The Treasury is modelling various outcomes

In the Autumn Budget, Rachel Reeves is planning the largest shake-up of property taxes in decades.

It would mean the end of stamp duty and, eventually, council tax, as the Government intends to replace the £12 billion that stamp duty raises and create what it considers a more equitable system to fund local services.

The most important change in the payment of stamp duty is that, instead of the buyer paying, it will become a tax paid by the seller of all properties valued at over £500,000.

Stamp duty has long been criticised as a “transaction tax” that distorts the housing market, with critics arguing that it discourages people from moving, penalises first-time buyers and reduces mobility for older owners who want to downsize.

Unlike the current system, which covers about 60 percent of transactions, the new tax would touch only around 20 percent. Rates would be set nationally and collected by HMRC.

Income from stamp duty fluctuates depending on the housing market. By contrast, officials are said to believe a proportional property tax could provide a more stable income stream while narrowing the scope to higher-value sales.

Alongside replacing stamp duty, ministers are also said to be considering proposals to scrap council tax altogether.

Introduced in 1993, council tax is still based on 1991 property values and has been described by the Institute for Fiscal Studies as “flawed and out of date”.

Tim Leunig, who has been an advisor to two Chancellors, wrote a 2023 report for the think tank Onward, suggesting abolishing council tax and replacing it with an annual property levy linked directly to house value. This is now being seriously considered.

Under his model, households would pay 0.44 percent on the value of their home between £80,000 and £500,000, capped at £2,196 a year, plus 0.54 percent on the portion above £500,000.

For example, a family in a £650,000 property would pay the maximum £2,196 to their local authority, plus another £810 to the Treasury – a total of £3,006 a year.

Homes worth more than £1m would face an additional 0.81 percent charge on the value above that threshold.

Unlike stamp duty, this would be an annual charge, meaning the impact would be felt year after year rather than at the point of purchase. To soften the blow, Leunig proposed the system would not apply retrospectively: only those buying after its introduction would be liable.

The Government faces intense fiscal pressure due to higher-than-expected borrowing, weak growth, and the cost of its U-turn on welfare cuts.

The Chancellor is now faced with finding additional revenue to plug these gaps in the public finances without breaking her promise not to raise income tax, national insurance and VAT.

There is no clear consensus on how much she will need to raise at the next Budget, with figures ranging from £10bn to over £40bn.

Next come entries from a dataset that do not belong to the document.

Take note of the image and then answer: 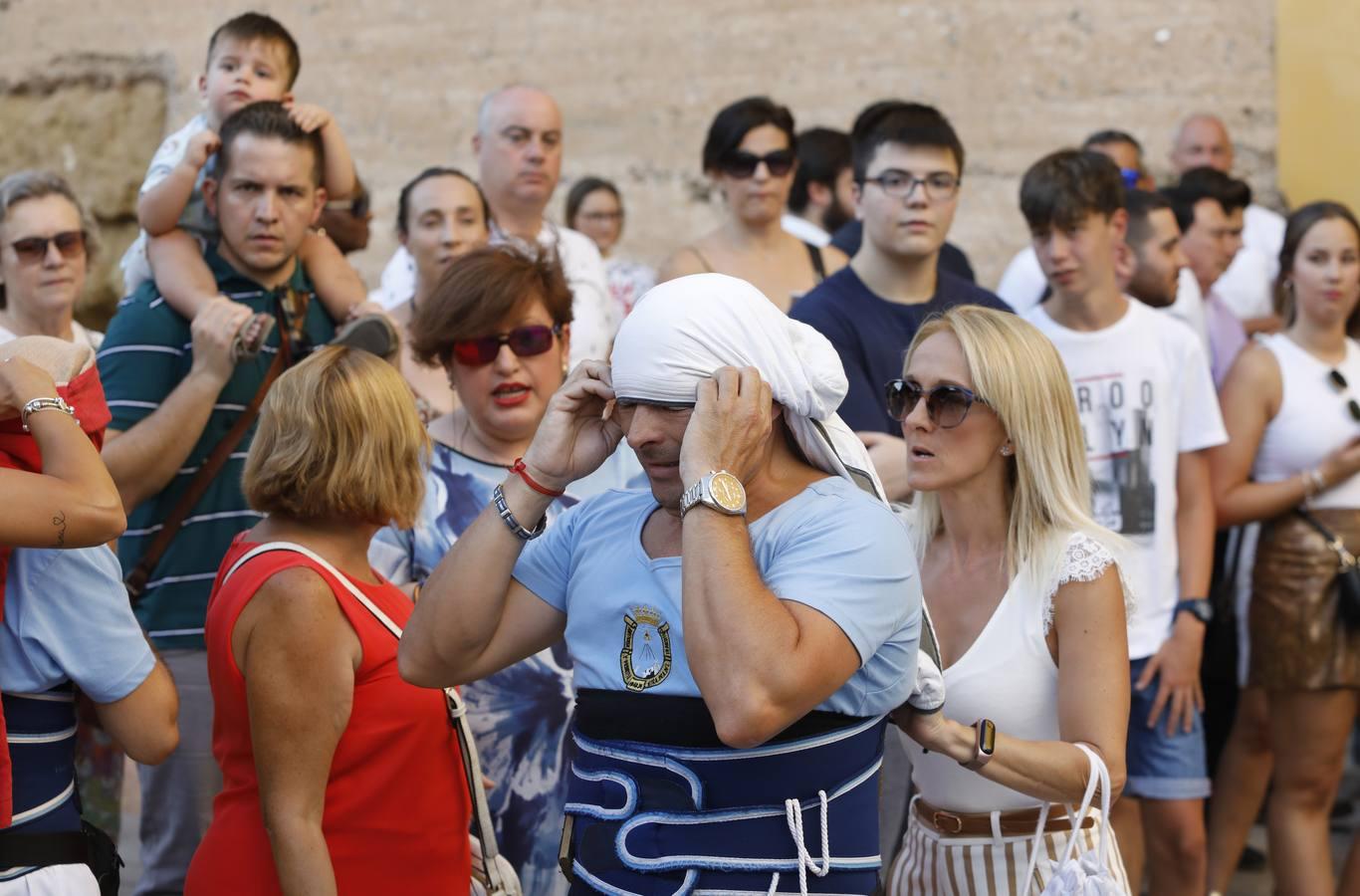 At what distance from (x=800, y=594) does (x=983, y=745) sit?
526 mm

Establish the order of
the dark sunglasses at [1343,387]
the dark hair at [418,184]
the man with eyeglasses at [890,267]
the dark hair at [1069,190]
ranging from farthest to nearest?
the dark hair at [418,184], the dark sunglasses at [1343,387], the dark hair at [1069,190], the man with eyeglasses at [890,267]

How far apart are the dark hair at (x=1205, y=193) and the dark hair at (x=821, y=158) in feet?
4.41

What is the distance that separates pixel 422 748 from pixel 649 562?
81 cm

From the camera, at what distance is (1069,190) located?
456cm

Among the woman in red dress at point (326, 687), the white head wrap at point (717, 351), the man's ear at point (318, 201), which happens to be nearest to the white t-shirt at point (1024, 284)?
the man's ear at point (318, 201)

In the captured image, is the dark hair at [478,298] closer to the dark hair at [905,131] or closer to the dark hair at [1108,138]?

By focusing on property wealth, a proportional tax could raise revenue from higher-value homes without hitting wages. The Treasury has likely authorised the leak of the Chancellor's plans in order to gauge public opinion.

If they decide to go ahead, a national property tax could be legislated for within this parliament. However, due to its complexity, the replacement of council tax is likely to be deferred to a second Labour term, which, as things stand, is looking increasingly unlikely.

The publication of data that is used by both the Bank of England and the financial market to weigh up the economy has been delayed by up to two weeks due to concerns about the quality of the data.

The Office for National Statistics said yesterday that the release of the monthly retail sales figures has been rescheduled to allow it to complete a “quality assurance check”.

The pound continued to lose ground yesterday as the dollar continues to benefit from the emerging clarity around Donald Trump’s trade policies. It fell to a low of 1.3477 and closed at 1.3492.

USD – Market Commentary

Trump is risking his credibility with Europe

There was a major summit which involved the Heads of Government from the U.S., the EU, and Ukraine held earlier this week, but to gauge the reaction of the financial market, it may as well not have happened at all.

It could be that traders are waiting for positive news regarding a ceasefire in Russia’s invasion of Ukraine or, more likely, are confused by the comings and goings involving Trump, Putin and Zelenskyy over the past week.

By and large, such a major meeting would see some significant movement in the currency market, but so far, apart from a little weakness seen by the Euro, the markets have appeared ambivalent.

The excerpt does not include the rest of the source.